[Cabin Fever by B. M. Bower]@TWC D-Link book
Cabin Fever

CHAPTER THREE
2/21

Why, he asked the high heavens, had she told him to bring home a roll of cotton, if she was going to leave him?
Why had she turned her back on that little home, that had seemed to mean as much to her as it had to him?
Being kin to primitive man, Bud could only bellow rage when he should have analyzed calmly the situation.

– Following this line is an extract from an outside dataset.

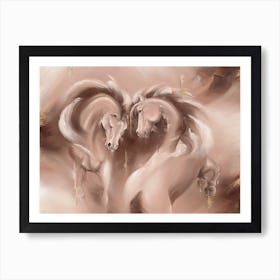 Horses In Love Art Print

He should have seen that Marie too had cabin fever, induced by changing too suddenly from carefree girlhood to the ills and irks of wifehood and motherhood.

He should have known that she had been for two months wholly dedicated to the small physical wants of their baby, and that if his nerves were fraying with watching that incessant servitude, her own must be close to the snapping point; had snapped, when dusk did not bring him home repentant.
But he did not know, and so he blamed Marie bitterly for the wreck of their home, and he flung down all his worldly goods before her, and marched off feeling self-consciously proud of his martyrdom.

It soothed him paradoxically to tell himself that he was "cleaned"; that Marie had ruined him absolutely, and that he was just ten dollars and a decent suit or two of clothes better off than a tramp.

He was tempted to go back and send the ten dollars after the rest of the fifteen hundred, but good sense prevailed.